TASK BRIEF:
From the material below, return exactly the lines starting at the one that holds "Mickey Mouse - Fire" and ending at the one that holds "Tischleuchte Alfa - E27, 60W, IP20". Pictures stay out of the answer.

PROVIDED DATA:
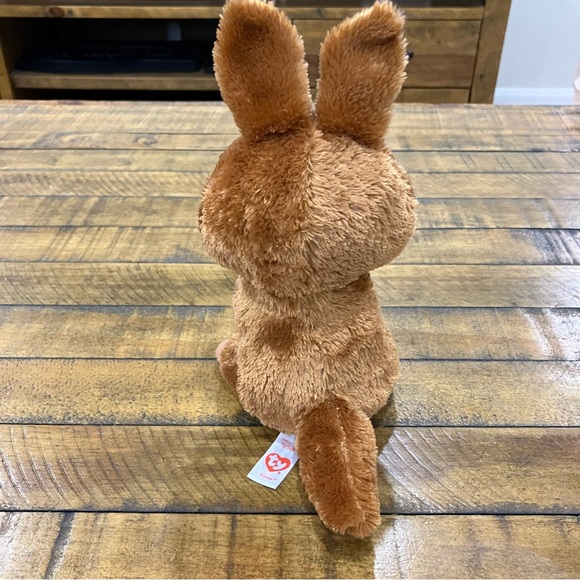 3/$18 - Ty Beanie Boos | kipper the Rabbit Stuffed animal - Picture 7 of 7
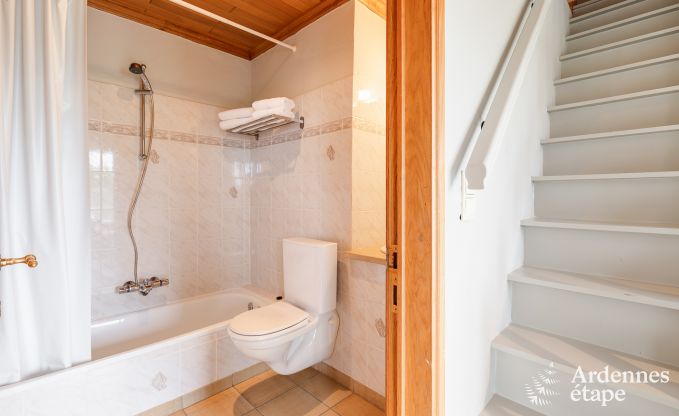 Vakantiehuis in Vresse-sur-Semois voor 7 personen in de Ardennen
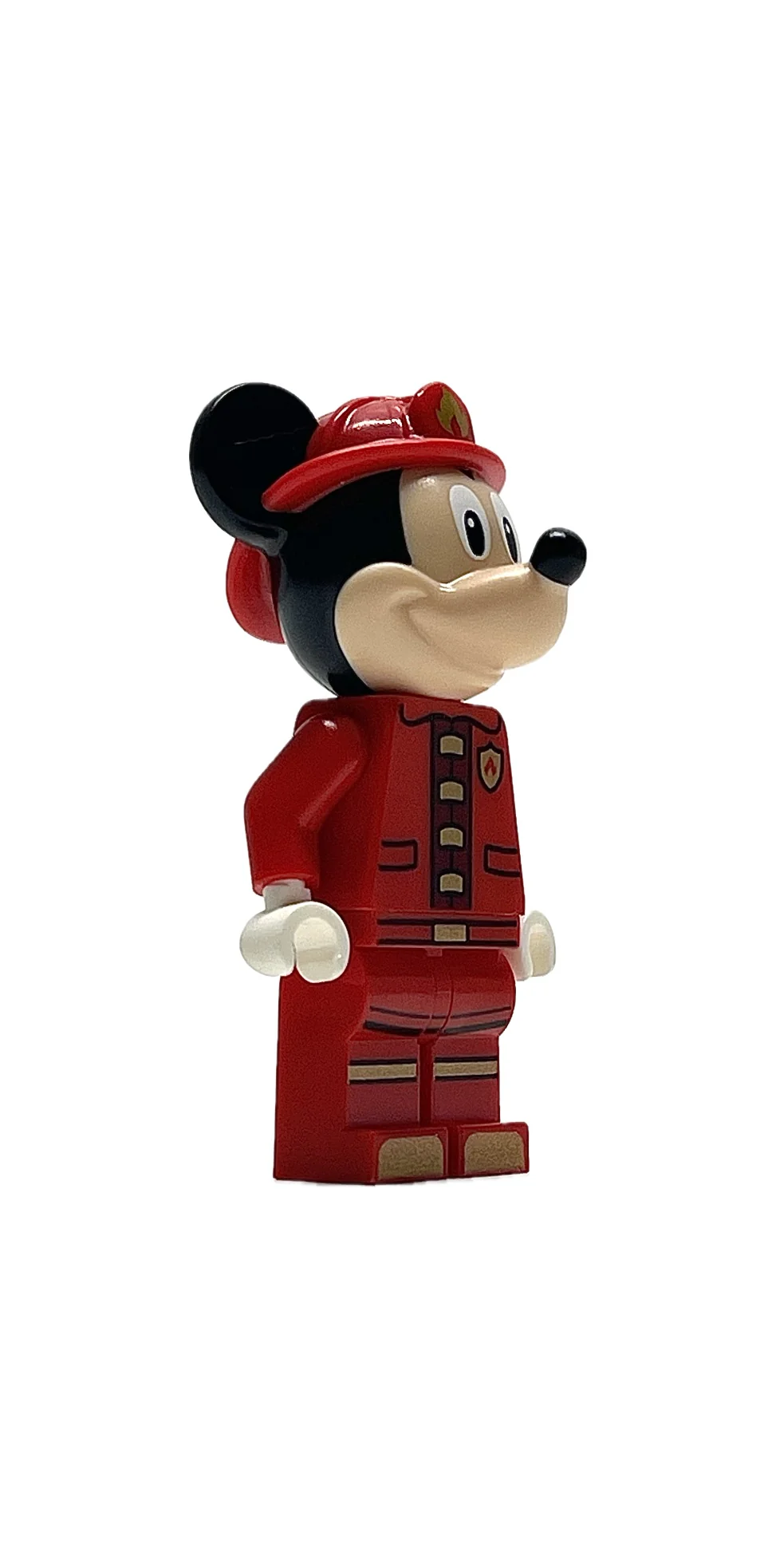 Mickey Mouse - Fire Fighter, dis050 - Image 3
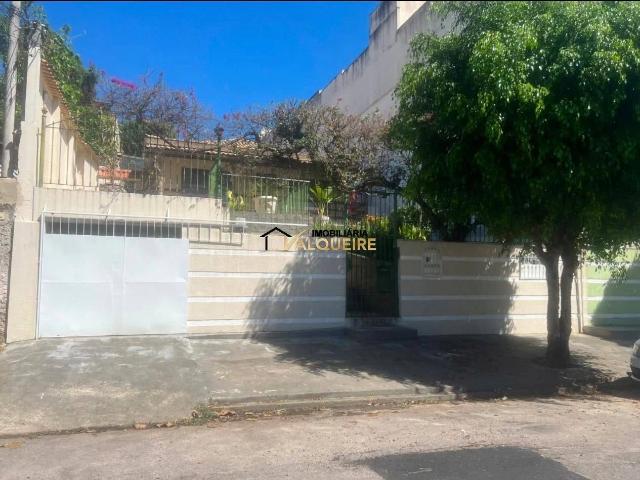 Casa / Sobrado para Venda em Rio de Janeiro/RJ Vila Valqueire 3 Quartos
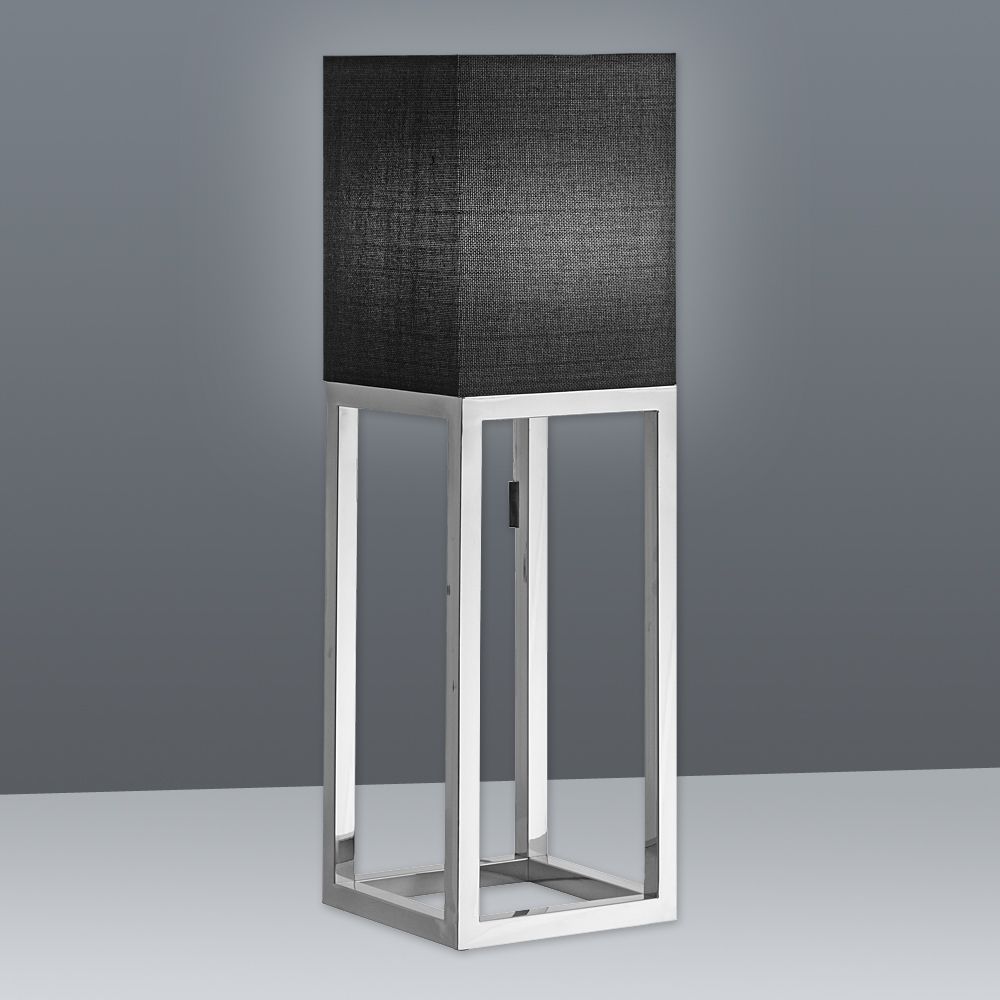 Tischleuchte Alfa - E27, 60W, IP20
==
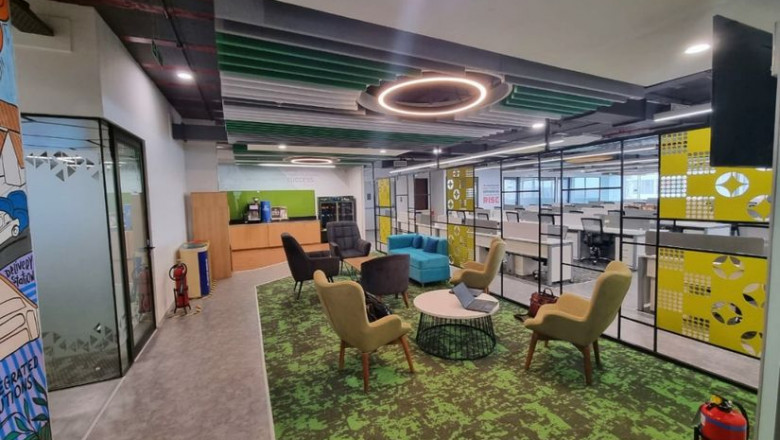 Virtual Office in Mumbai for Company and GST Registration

RESPONSE TO THIS TASK:
 Mickey Mouse - Fire Fighter, dis050 - Image 3
 Casa / Sobrado para Venda em Rio de Janeiro/RJ Vila Valqueire 3 Quartos
 Tischleuchte Alfa - E27, 60W, IP20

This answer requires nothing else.